I was wondering if you could share some insight ...
My dear cousin had a baby girl last week. She was 11 days "overdue" and was induced using a new tape / hormonal method.
The baby was born fine after about 10 hours of labour, but the staff had trouble removing the placenta. I assume they gave my cousin a syntocinon shot and were doing cord traction, as my cousin told me the cord was snapped.
So she was given an epi and the placenta was manually removed. The staff told her the placenta was all mushy and was coming out in chunks, and my cousin had to stay in hosptial for a week to monitor for any signs of infections, as they weren't sure they'd got all the pieces out.
What could cause a placenta to "fall apart" like this?
Could it be due to the managed third stage, or is it a sign of postmaturity?
I also think it's a bit rough that she delivered her nine pound baby with no tears, then got cut by the doctor during the placenta removal.
Permaculture Design Student & Wannabe Urban Homesteader
Chances are, they were only giving her a certain amount of time to birth the placenta, like they only gave her a certain amount of time to birth her baby.
I wouldn't even think it was the placenta - placentas are amazing things, always changing to keep our babies alive, no matter what it takes.
Her placenta was more than likely ripped to shreds because of impatience.
In your case, it sounds like they were just a little too quick to have everything completely in a timely fashion instead of just waiting awhile.
A doula who married a cop & became a mama to 3 boys: G 12/22/00, my rainbow baby B 2/2/07 and L 2/10/10 my CBA2V baby, waiting for my little caboose late February 2013 & always remembering my two angels 2006 & 2012.
I have always wondered why this happened, but never heard any explanation for it. I don't know if the placenta bits were sent to pathology but if they were, I don't think my friend was informed of any findings.
I don't really buy the medical theory that placentas in healthy women just "die" because of dates. I think what happens is that in unhealthy women or in comprimised women the placenta works harder and harder and will eventually start labor in order to avoid comprimising the baby. I believe that this is one reason why some women go earlier than others.
The placenta is an amazing organ - one of the recent issues of Mothering has a great article on the placenta by Sarah Buckley. We really view the placenta in very abstract terms, when in fact, it isn't what it looks like when it comes out, but how it performs that makes us scratch our heads in awe.

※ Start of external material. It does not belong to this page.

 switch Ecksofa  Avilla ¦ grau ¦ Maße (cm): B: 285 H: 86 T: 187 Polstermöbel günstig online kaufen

I asked my own midwife about this, and she answered "both". It can be due to some pathology or health issue with the woman, it can be due to postdates, for some women it is just what "happens" (she had a client with 3 kids for whom this sort of thing happened each time; necessitated hospital birth with #3 due to the difficulties she had with bleeding and infection from the first 2; the mom was 2+ weeks every time, just carried babies for a longer time than the usual 40 weeks).
I hope your cousin is recovered now and able to enjoy her baby! Peace
Also, my placenta came out in pieces, but I'm pretty sure it was from doc digging around, not b/c the actual placenta had any problems.
Moral of the story, if there's a placenta problem, it MUST be b/c of due date issues, not dr error.
Midwifery. 1991 Mar;7(1):31-9. Related Articles, Links
A contemporary view of the human placenta.
|Our current knowledge of the human placenta is briefly reviewed. Particular stress is placed upon the considerable functional reserve capacity of the placenta, the unimportance of most visible abnormalities of the placenta, the lack of any evidence that the placenta ages during gestation and the lack of significance of placental weight. The effects on the placenta of infection and of maternal cigarette smoking are considered and the concept of placental insufficiency critically discussed. It is concluded that most cases of 'placental insufficiency' are, in reality, examples of maternal vascular insufficiency resulting from inadequate placentation during the early stages of pregnancy.|
I think squatting to deliver placentas is wonderful, we don't have to "pull on the cord." I am amazed at how many midwives do this! You could argue expectant management vs. active management.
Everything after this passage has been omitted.